In 2012, Eric Ramsey was released by the parole board “at his minimum sentence time, Michigan Department of Corrections spokesman Russ Marlan said. … During his time in several Michigan prisons, he was classified as a minimum-security prisoner. … He served his last three months at a boot camp outside of Chelsea in Washtenaw County.”

After his release, Eric Ramsey moved in with his mother and “wore a tether, which allowed authorities to make sure he was in by curfew. … The tether was removed Nov. 9, and Ramsey had to check in with his parole officer twice a month. His last parole check-in occurred Jan. 8. He was employed in a full-time job and following all the conditions of his parole," said the Michigan Department of Corrections spokesperson Russ Marlan.

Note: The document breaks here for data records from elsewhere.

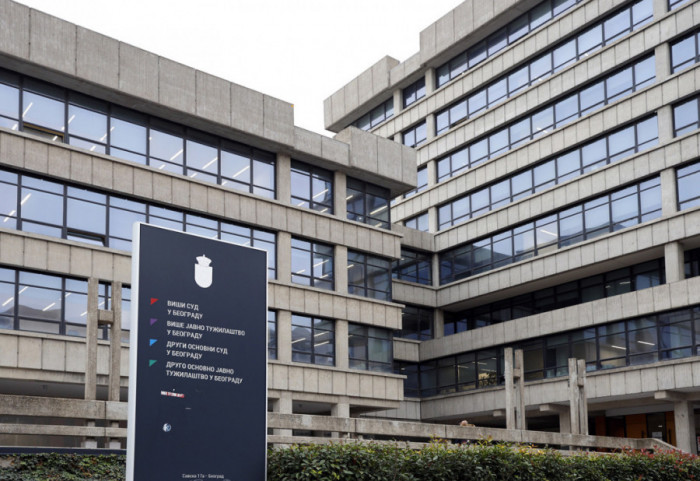 VJT: Mladić (22) izvršio samoubistvo skokom sa petog sprata, društvenim mrežama se šire lažne vesti o njegovoj smrti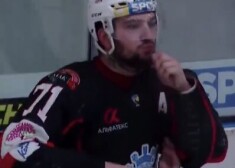 VIDEO: Ukrainas hokejistam Deņiskinam par spilgtu rasisma izpausmi piespriež diskvalifikāciju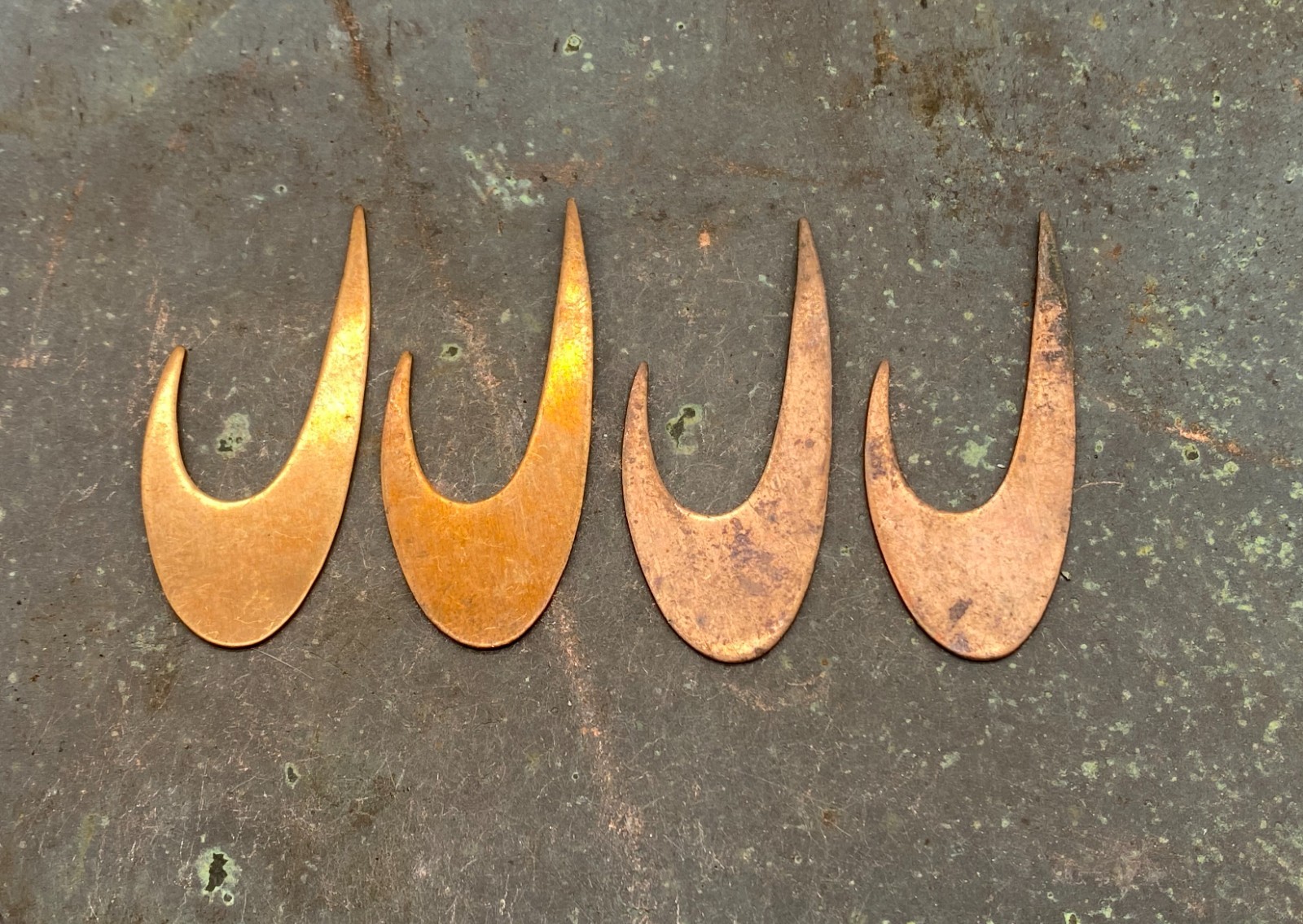 Vintage Coppered Brass Swoosh Check Stampings – 29 mm – Set of 4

Eric Ramsey’s last Facebook post and the subsequent responses seem to indicate that Eric Ramsey was not an unintelligent guy. One of the responses to Eric Ramsey’s last Facebook post says (see above picture),

“I don’t care what anyone says, there was motive behind his madness, he was such a sweet and caring person. someone had to of set him over the edge, it doesn’t justify what hes done. but s… like this doesn’t just happen for nothing.”

Did Eric Ramsey’s path down the wrong road begin in prison or was Eric Ramsey’s life, which might have ended up in “suicide by cop,” already laid out during his school years. Only time and further investigations will tell.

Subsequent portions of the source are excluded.